# Given an invariant distribution is the (finite state) Markov transition matrix unique?

Doeblin's theorem states that for a given transition probability matrix there exists a unique invariant distribution for that chain.

Is the converse true as well? Can two (finite state, discrete) Markov Chains have the same invariant distribution, but have different transition matrices?

I don't think so, but I have only tried a proof by contradiction:

Assume there are two transition matrices, P and Q such that $\pi$ P = $\pi$ and $\pi$Q = $\pi$ ($\pi$ is the invariant distribution). Then $\pi$ P = $\pi$Q and P=Q (contradiction).

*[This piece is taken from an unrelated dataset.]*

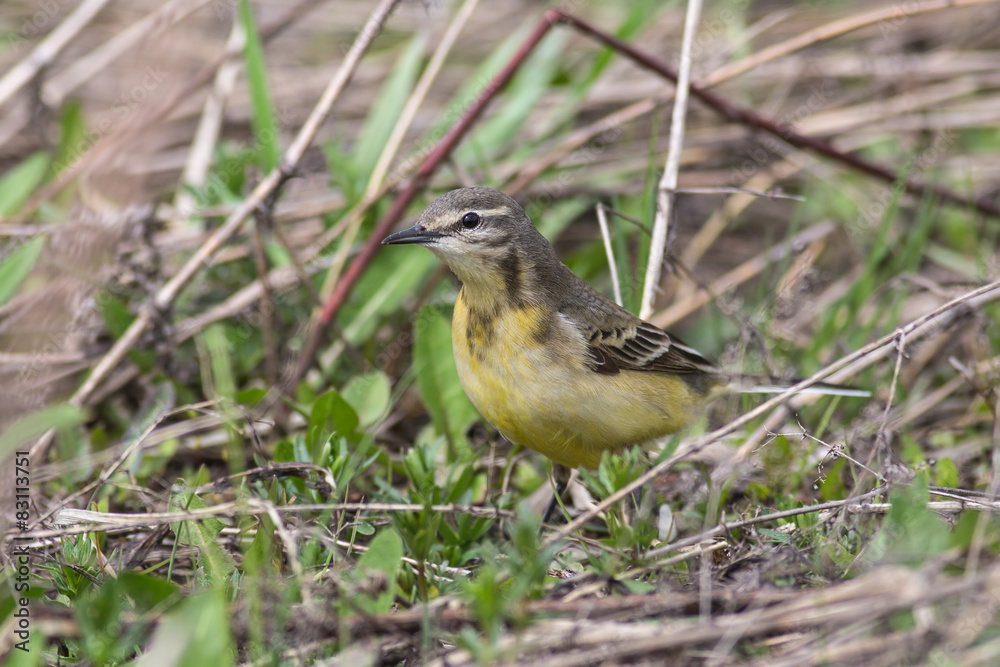 Yellow wagtail Yellow wagtail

However, this doesn't really tell me why this should be true.

Unfortunately your proof contains an error, $\pi P = \pi Q$ does not imply $P=Q$. Consider for example $$P = \begin{pmatrix} 0.5 & 0.5 & 0 \\ 0.5 & 0 & 0.5 \\ 0 & 0.5 & 0.5 \end{pmatrix}$$ and $$Q = \begin{pmatrix} 0.33 & 0.33 & 0.33 \\ 0.33 & 0.33 & 0.33 \\ 0.33 & 0.33 & 0.33 \end{pmatrix}.$$ These both have the stationary distribution $\begin{pmatrix} 0.33 & 0.33 & 0.33 \end{pmatrix}$, but are two different matrices.